Comme l’a noté Jonathan Head de la BBC dans son rapport, l’équilibre des pouvoirs dans l’État Karen a « récemment basculé en faveur de l’opposition », après qu’une force de garde-frontières Karen alignée sur l’administration militaire a rompu ses liens avec la junte. En janvier, le colonel Saw Chit Thu, ancien chef de l'Armée bouddhiste démocratique karen insurgée qui contrôle un territoire le long de la frontière thaïlandaise qui comprend le centre du crime organisé notoire de Shwe Kokko, a déclaré qu'il n'obéirait plus aux ordres de Naypyidaw. Rien n'indique que le groupe, qui aurait décidé de se rebaptiser Armée nationale Karen, rejoindra la résistance anti-junte, mais sa rupture a affaibli la présence et l'influence de l'armée dans l'État Karen.
La chute imminente de Myawaddy, qui laisserait le KNU aux commandes d’une grande majorité de l’État Karen, serait une autre défaite significative pour la junte militaire. Cela fait suite à une série de revers pour les généraux, d'abord dans le nord de l'État de Shan, où une offensive coordonnée de l'Alliance des Trois Fraternités, composée de groupes armés ethniques, a permis des gains rapides contre les positions de la junte, s'emparant de la région stratégiquement importante de Kokang aux mains d'une force de garde-frontières alignée sur l'armée. en janvier. Ces derniers mois, l'armée a subi des pertes importantes dans l'État de Rakhine, à l'ouest du pays, face à l'armée d'Arakan.

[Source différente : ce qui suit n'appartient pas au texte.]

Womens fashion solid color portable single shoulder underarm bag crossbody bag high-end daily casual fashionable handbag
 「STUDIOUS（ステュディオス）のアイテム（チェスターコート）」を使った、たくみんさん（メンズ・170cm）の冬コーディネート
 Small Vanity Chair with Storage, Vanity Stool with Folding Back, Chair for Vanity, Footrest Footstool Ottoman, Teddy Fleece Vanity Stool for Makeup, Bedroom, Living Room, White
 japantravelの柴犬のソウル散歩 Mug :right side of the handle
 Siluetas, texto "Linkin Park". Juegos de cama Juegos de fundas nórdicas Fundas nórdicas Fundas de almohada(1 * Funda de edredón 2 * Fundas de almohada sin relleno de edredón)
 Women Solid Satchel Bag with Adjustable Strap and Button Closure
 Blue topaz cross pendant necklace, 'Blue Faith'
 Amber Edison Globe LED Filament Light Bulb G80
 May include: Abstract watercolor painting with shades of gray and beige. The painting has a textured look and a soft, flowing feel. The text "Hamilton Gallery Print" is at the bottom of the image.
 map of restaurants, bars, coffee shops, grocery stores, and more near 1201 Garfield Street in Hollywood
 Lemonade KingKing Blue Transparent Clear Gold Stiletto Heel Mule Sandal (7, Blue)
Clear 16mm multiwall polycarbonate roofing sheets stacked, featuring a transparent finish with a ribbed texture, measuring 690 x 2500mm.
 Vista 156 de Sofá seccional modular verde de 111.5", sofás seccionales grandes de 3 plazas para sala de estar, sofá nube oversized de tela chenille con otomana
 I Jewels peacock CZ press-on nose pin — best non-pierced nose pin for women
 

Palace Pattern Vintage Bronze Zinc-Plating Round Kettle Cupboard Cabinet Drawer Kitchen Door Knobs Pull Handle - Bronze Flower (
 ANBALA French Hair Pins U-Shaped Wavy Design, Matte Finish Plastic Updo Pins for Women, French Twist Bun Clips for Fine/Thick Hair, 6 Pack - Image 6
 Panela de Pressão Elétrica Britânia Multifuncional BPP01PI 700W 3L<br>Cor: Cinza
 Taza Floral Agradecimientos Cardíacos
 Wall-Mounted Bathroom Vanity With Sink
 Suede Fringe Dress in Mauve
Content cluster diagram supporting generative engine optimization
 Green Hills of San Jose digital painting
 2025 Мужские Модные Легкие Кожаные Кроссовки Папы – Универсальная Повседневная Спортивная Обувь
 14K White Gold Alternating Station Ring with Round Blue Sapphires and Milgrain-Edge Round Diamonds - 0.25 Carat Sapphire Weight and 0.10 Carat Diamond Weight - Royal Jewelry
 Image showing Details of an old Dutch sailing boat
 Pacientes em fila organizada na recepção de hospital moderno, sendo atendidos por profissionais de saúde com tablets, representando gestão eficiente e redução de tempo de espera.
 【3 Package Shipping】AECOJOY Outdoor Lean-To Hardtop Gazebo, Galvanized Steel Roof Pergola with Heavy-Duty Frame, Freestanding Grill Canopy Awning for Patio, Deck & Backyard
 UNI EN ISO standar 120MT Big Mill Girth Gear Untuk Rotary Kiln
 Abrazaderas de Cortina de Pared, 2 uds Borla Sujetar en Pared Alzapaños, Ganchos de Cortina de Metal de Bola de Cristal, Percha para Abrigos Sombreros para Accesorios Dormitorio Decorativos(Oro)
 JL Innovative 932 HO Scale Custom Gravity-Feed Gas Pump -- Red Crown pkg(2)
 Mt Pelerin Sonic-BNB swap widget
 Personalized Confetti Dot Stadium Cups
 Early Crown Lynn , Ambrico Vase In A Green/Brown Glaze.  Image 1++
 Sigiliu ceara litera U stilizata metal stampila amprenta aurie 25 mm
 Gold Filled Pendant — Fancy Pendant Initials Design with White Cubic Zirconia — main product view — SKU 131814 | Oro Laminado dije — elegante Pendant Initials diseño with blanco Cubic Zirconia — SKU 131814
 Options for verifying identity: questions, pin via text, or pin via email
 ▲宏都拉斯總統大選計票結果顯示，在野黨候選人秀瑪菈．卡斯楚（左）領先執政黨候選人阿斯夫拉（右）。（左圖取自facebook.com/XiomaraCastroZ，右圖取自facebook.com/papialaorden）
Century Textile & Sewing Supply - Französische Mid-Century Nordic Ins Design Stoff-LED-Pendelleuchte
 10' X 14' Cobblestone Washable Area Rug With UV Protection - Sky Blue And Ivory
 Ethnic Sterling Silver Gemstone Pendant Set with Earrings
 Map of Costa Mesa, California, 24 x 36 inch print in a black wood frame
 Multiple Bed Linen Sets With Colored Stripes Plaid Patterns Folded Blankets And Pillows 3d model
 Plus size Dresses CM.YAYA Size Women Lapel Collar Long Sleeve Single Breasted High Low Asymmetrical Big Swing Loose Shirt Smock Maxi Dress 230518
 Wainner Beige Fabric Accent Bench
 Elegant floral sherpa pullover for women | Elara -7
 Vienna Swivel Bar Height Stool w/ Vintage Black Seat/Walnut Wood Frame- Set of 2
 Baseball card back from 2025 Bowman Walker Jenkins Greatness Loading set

Comme l'attaque de drone kamikaze de la semaine dernière sur Naypyidaw, la reddition de Myawaddy est le genre de défaite que l'armée ignorerait probablement s'il s'agissait d'un incident isolé. Mais l’accumulation des défaites militaires au cours de l’année écoulée soulève la question de savoir comment et sous quelle forme elle peut survivre à long terme. Du point de vue de la junte, le résultat le plus prometteur est probablement de procéder à un retrait stratégique des zones périphériques faiblement contrôlées et de consolider son contrôle sur une partie du centre du Myanmar. Quoi qu’il en soit, l’objectif de la junte de « pacifier » le pays et d’organiser un retour à une forme civilisée de gouvernement militaire via des élections organisées semble plus fantastique que jamais.